Problem description: Starting at the line with "Men Tactical Boots" and stopping at the final line, retype the data below exactly; do not carry over any pictures.

::: Task inputs

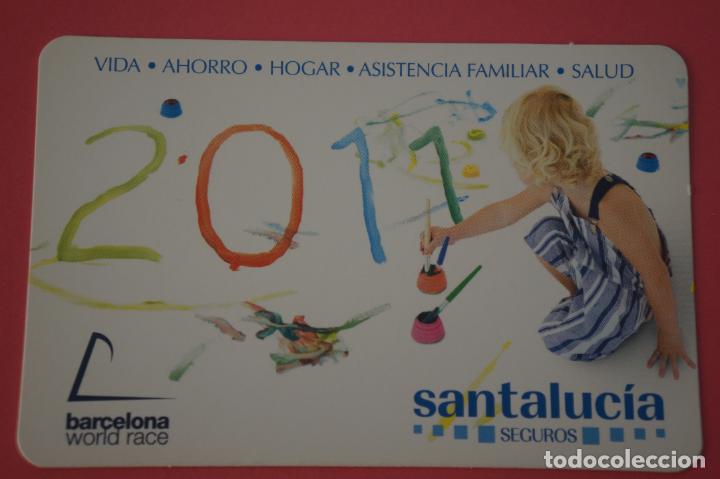 Collectables Calendars: CALENDARIO DE BOLSILLO CON PUBLICIDAD SANTA LUCIA A&Ntilde;O 2011 LOTE 12 MIRAR FOTOS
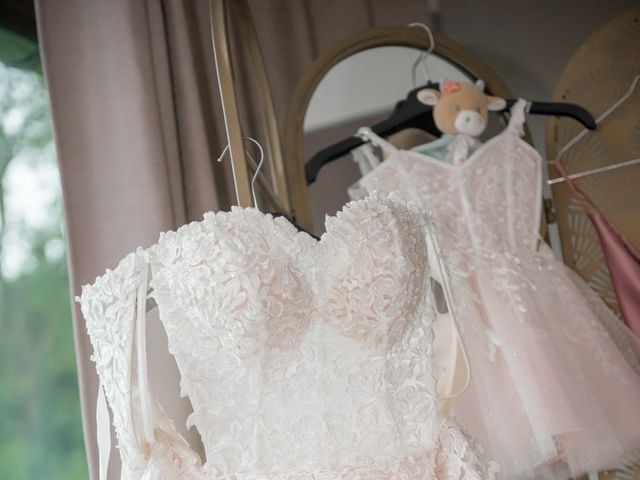 Le mariage de Fabien et Aurore à Marines, Val-d'Oise 5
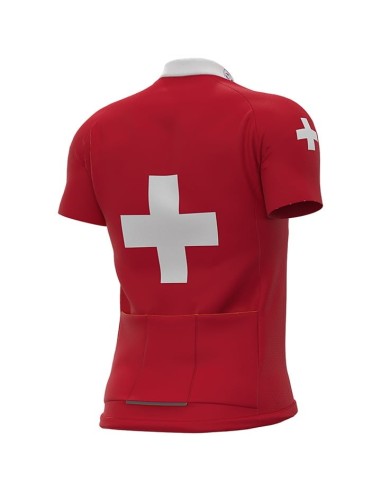 Equipación de Ciclismo GROUPAMA-FDJ para Campeones Suizos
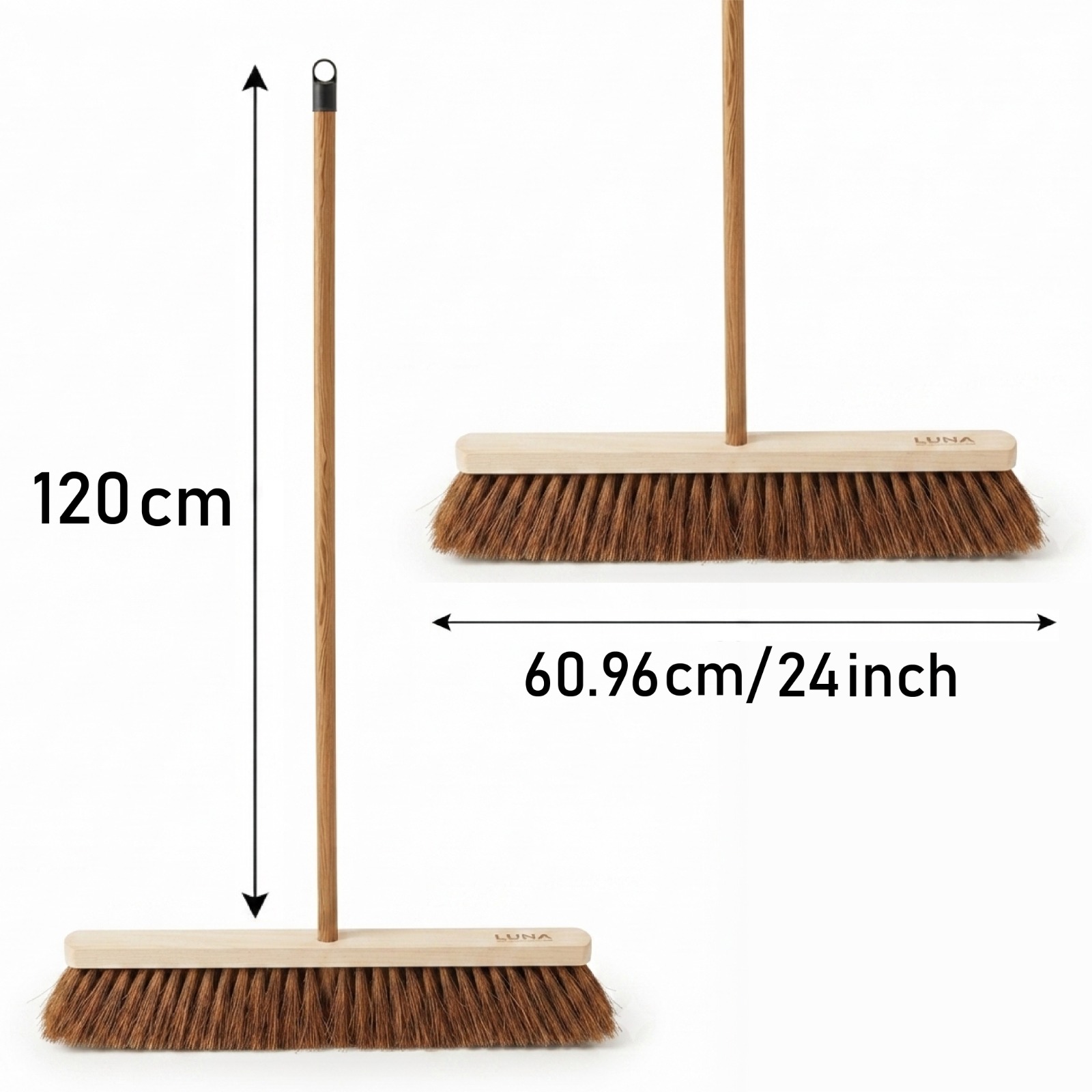 COCO BROOM BRUSH COMPLETE SET WITH HANDLE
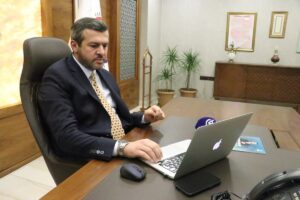 KARABÜK (AA) – Karabük Belediye Başkanı Özkan Çetinkaya, Anadolu Ajansının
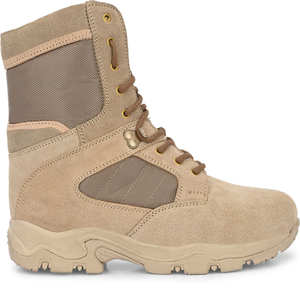 Men Tactical Boots High Ankle Genuine Leather Outdoor Boots Anti Slip Durable Hiking Security Training and Outdoor Adventure - Product Image 2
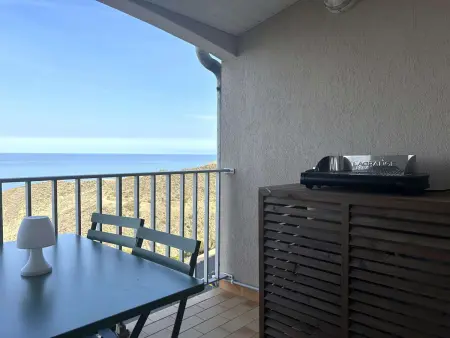Appartement rénové 4 pers avec vue mer, clim et parking - Photo 11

::::::

Solution to this exercise:
 Men Tactical Boots High Ankle Genuine Leather Outdoor Boots Anti Slip Durable Hiking Security Training and Outdoor Adventure - Product Image 2
Appartement rénové 4 pers avec vue mer, clim et parking - Photo 11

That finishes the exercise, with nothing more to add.